Work to complete — Find "Kia Rio 2009 photo 3" in the material, then return exactly the line containing it and all lines after it to the end, leaving out pictures.

....

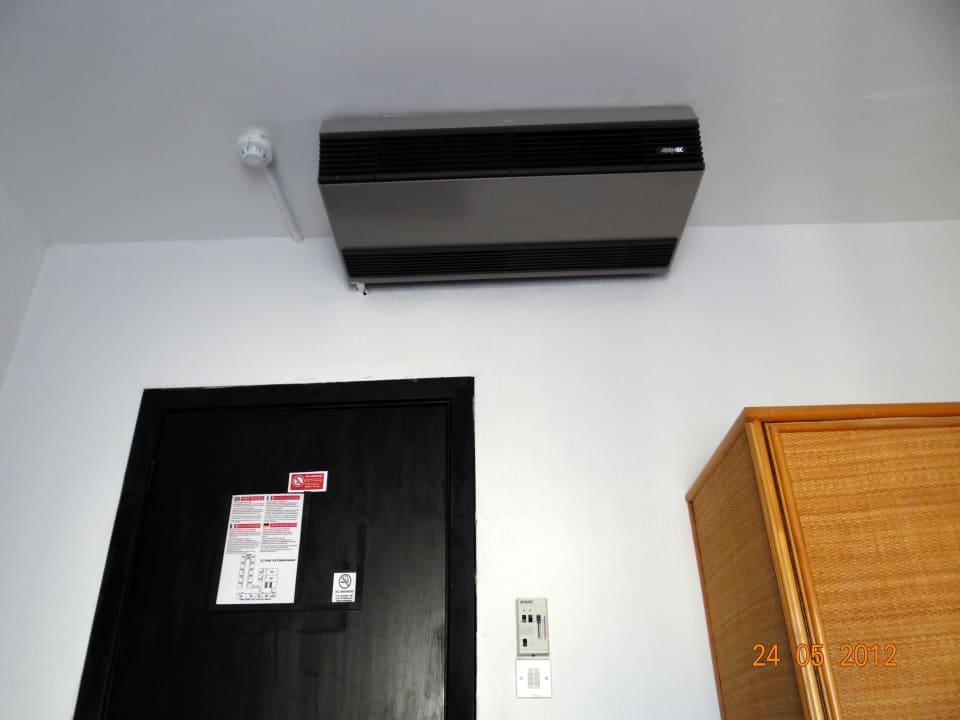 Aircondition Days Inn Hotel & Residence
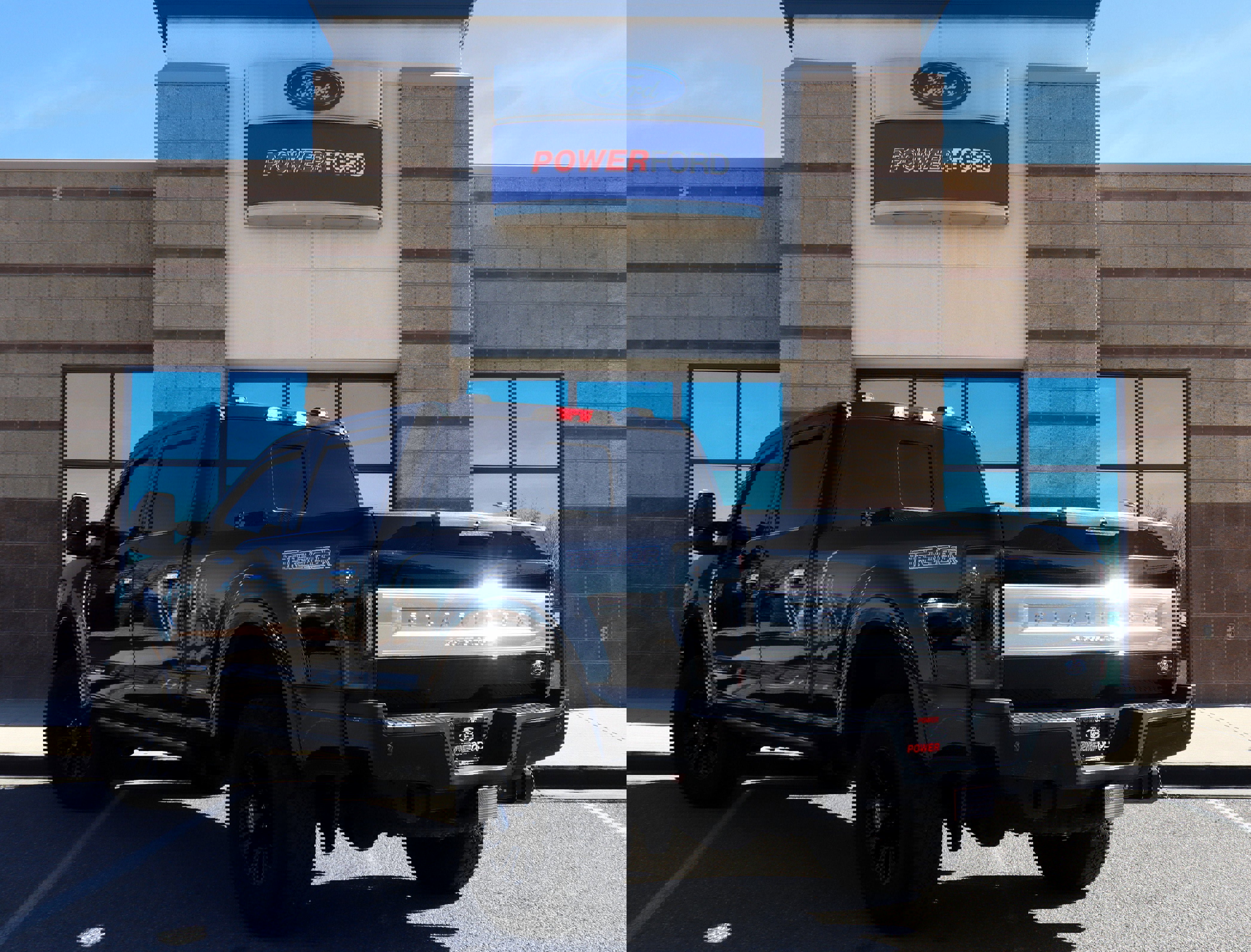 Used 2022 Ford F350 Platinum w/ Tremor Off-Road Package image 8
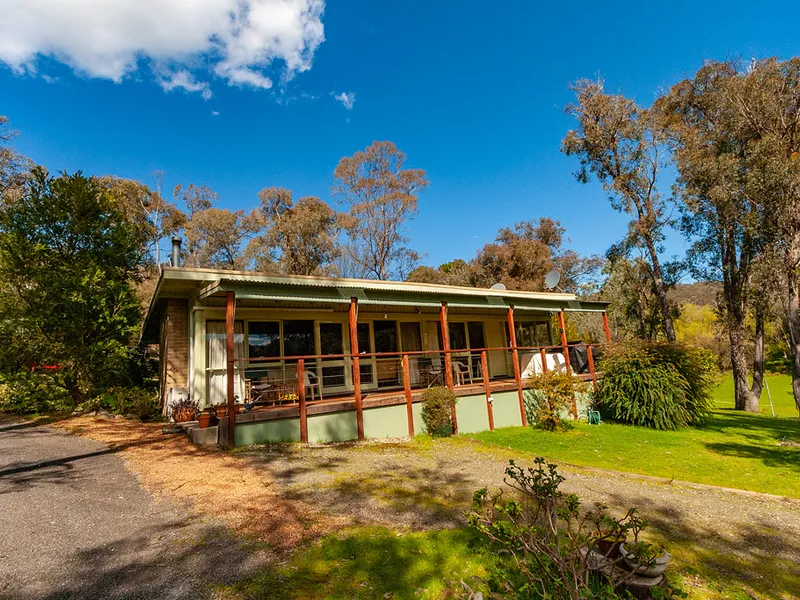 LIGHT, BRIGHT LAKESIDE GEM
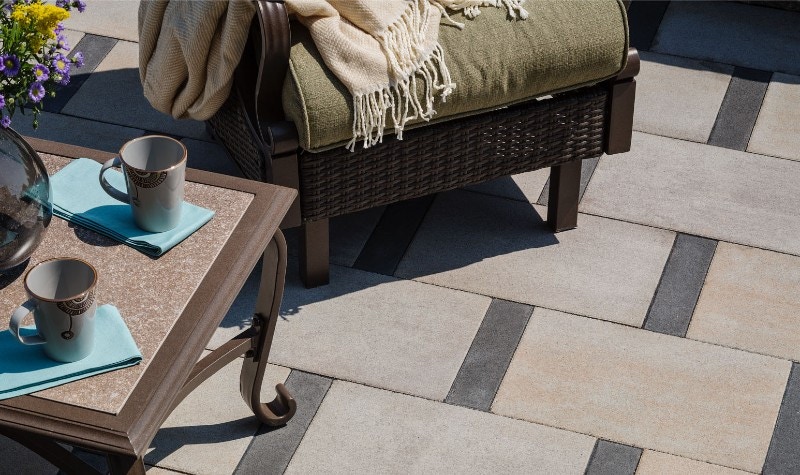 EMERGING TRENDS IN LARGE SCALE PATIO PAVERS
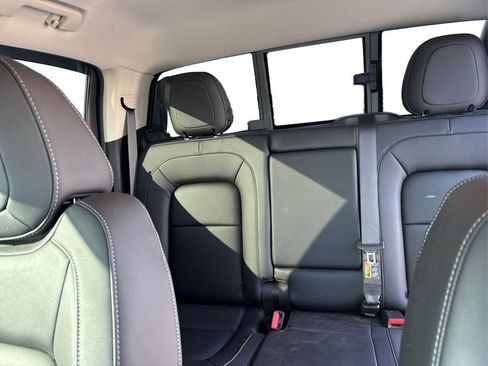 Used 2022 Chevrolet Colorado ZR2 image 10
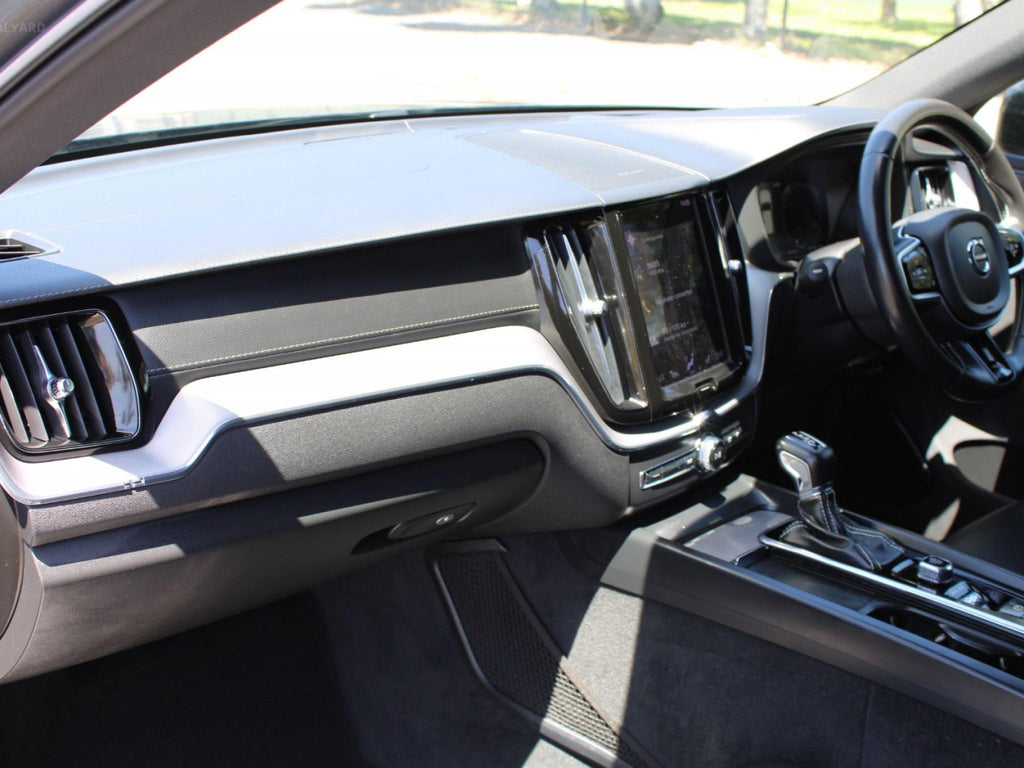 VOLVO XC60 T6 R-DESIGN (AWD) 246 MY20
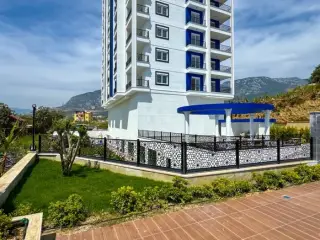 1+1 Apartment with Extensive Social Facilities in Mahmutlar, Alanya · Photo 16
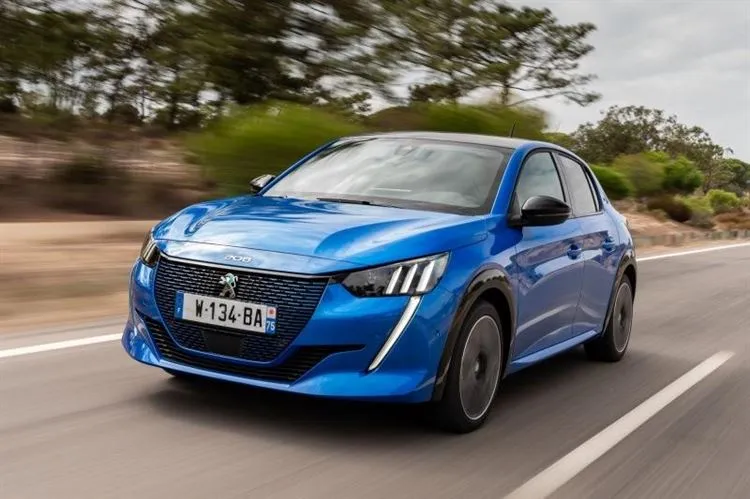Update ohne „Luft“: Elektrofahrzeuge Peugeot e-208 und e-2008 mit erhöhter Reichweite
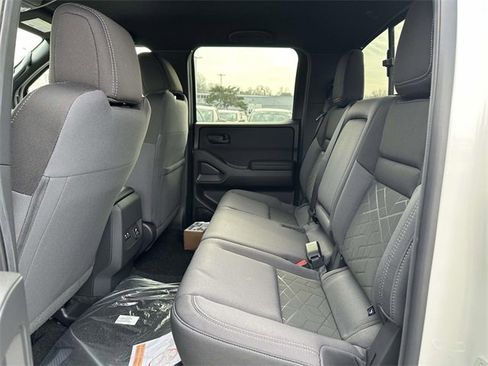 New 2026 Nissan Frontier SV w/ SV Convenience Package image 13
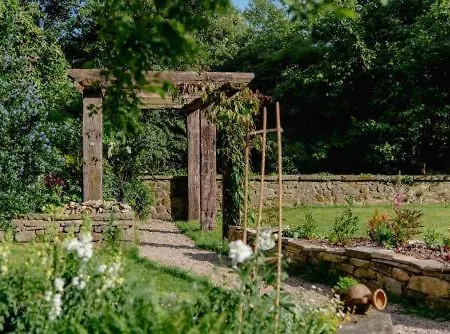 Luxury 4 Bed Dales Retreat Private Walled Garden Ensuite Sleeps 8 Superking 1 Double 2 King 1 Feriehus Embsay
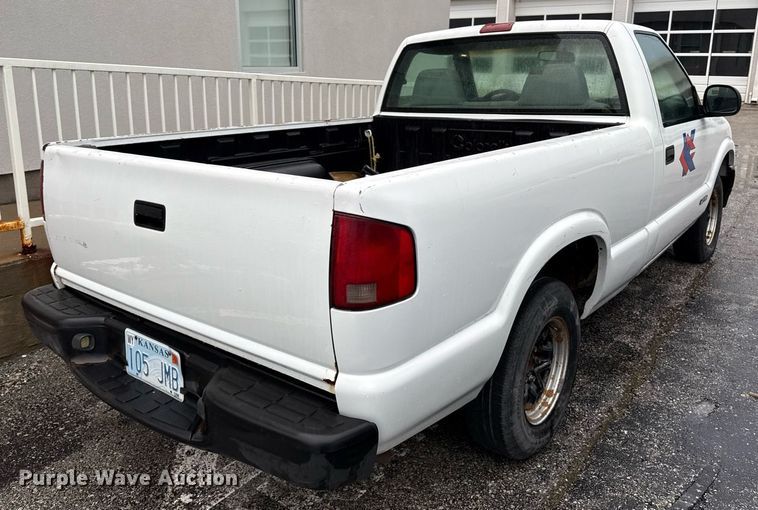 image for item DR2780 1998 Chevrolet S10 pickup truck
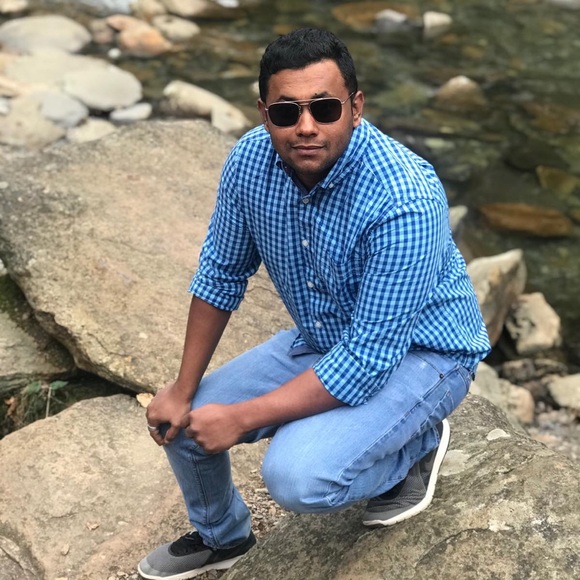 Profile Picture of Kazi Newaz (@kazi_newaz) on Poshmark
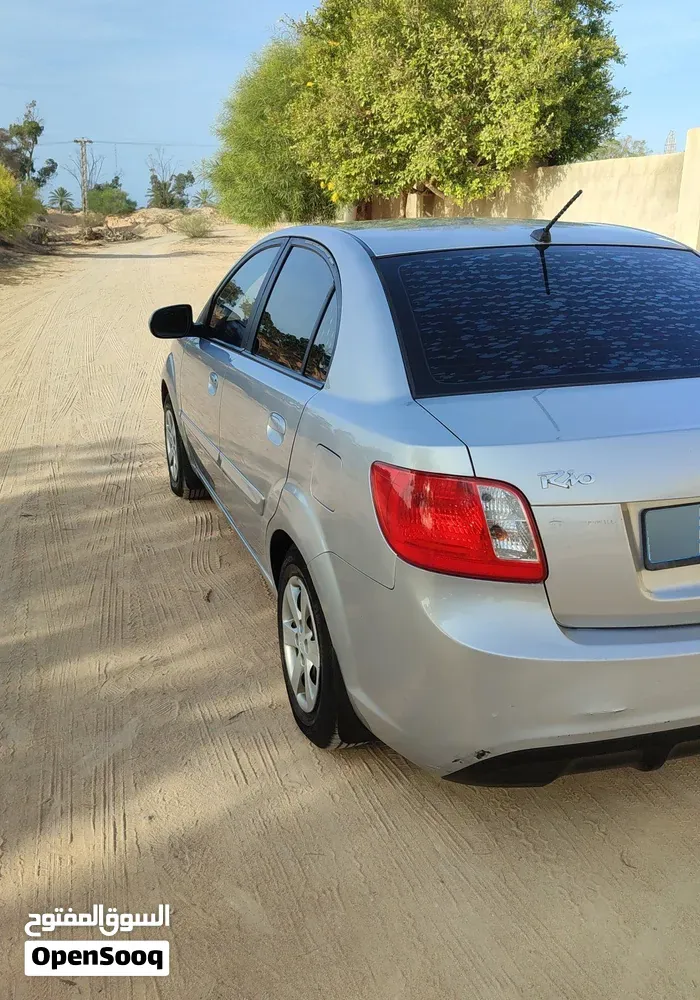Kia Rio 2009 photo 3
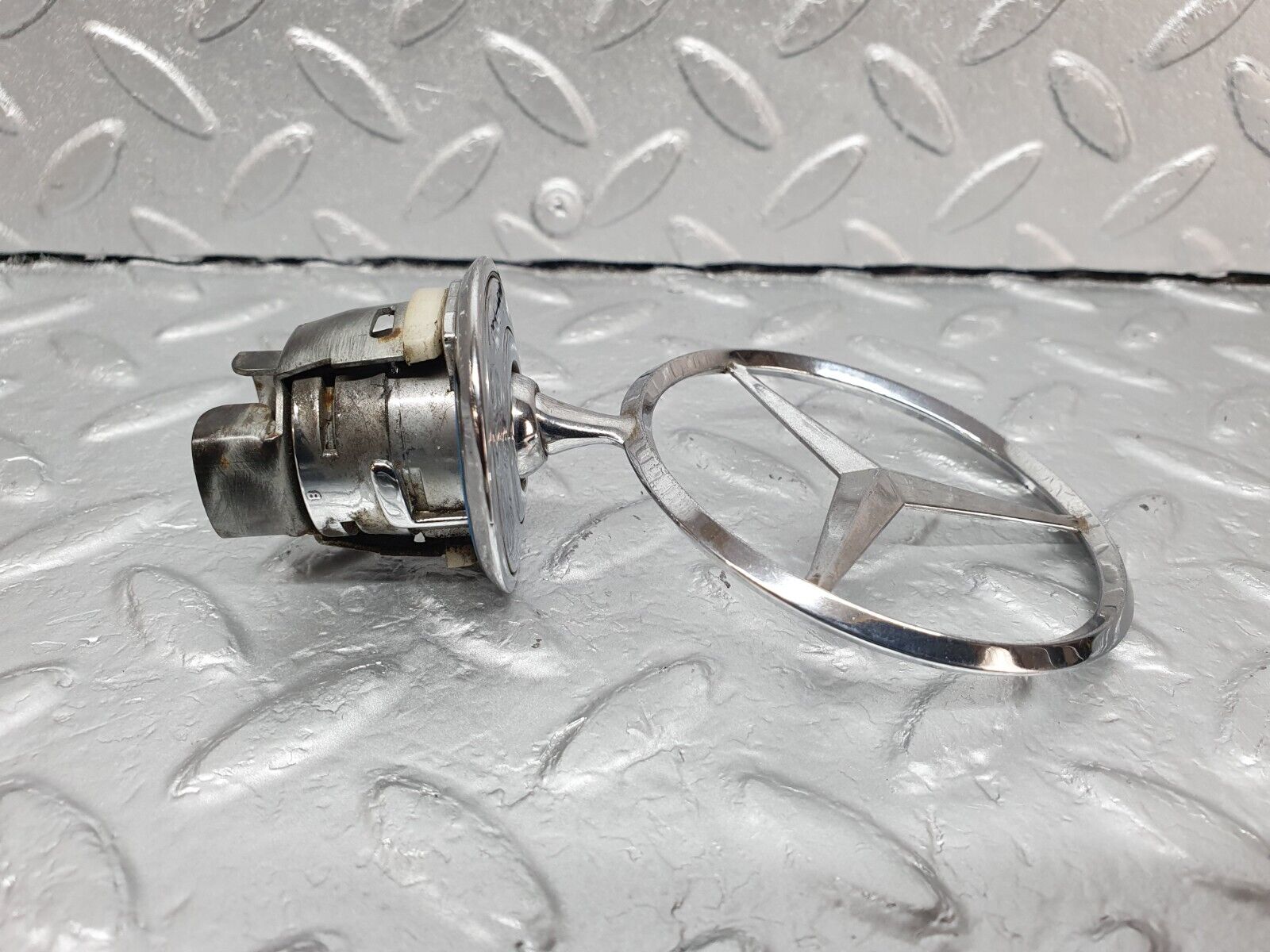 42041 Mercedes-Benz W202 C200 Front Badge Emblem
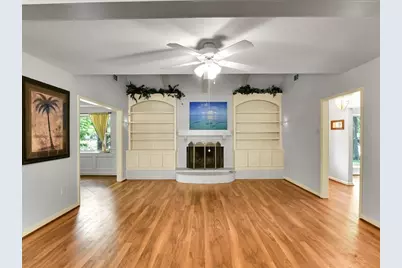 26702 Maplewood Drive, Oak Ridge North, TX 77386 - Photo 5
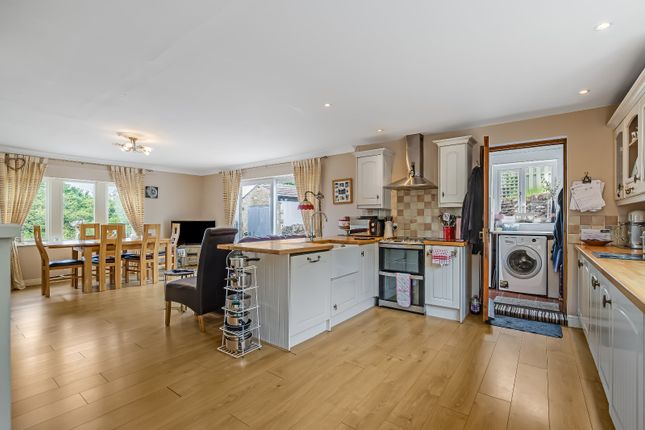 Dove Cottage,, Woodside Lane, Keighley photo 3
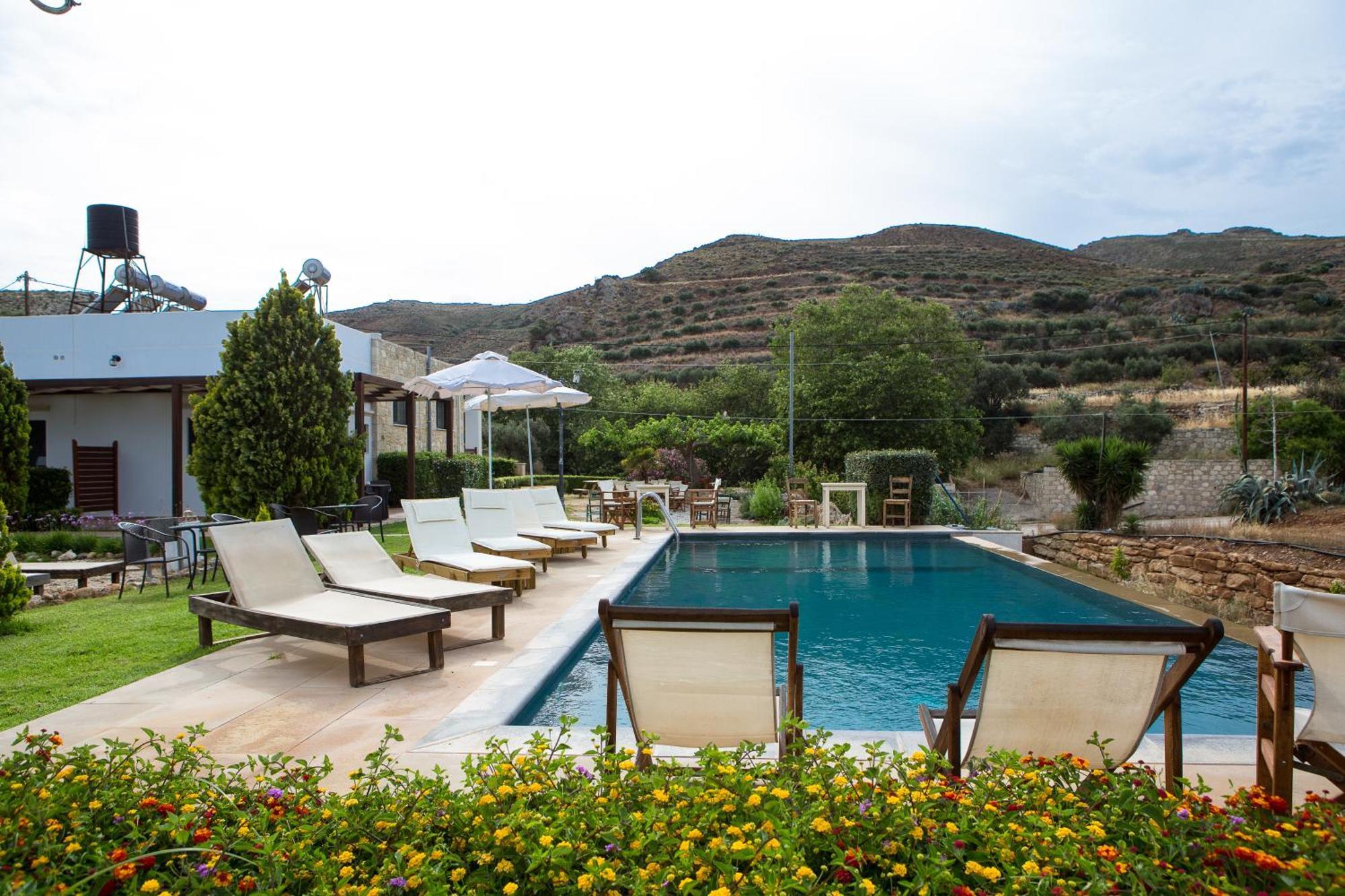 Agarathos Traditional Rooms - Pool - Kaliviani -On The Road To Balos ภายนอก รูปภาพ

....

Task solution —
Kia Rio 2009 photo 3
 42041 Mercedes-Benz W202 C200 Front Badge Emblem
 26702 Maplewood Drive, Oak Ridge North, TX 77386 - Photo 5
 Dove Cottage,, Woodside Lane, Keighley photo 3
 Agarathos Traditional Rooms - Pool - Kaliviani -On The Road To Balos ภายนอก รูปภาพ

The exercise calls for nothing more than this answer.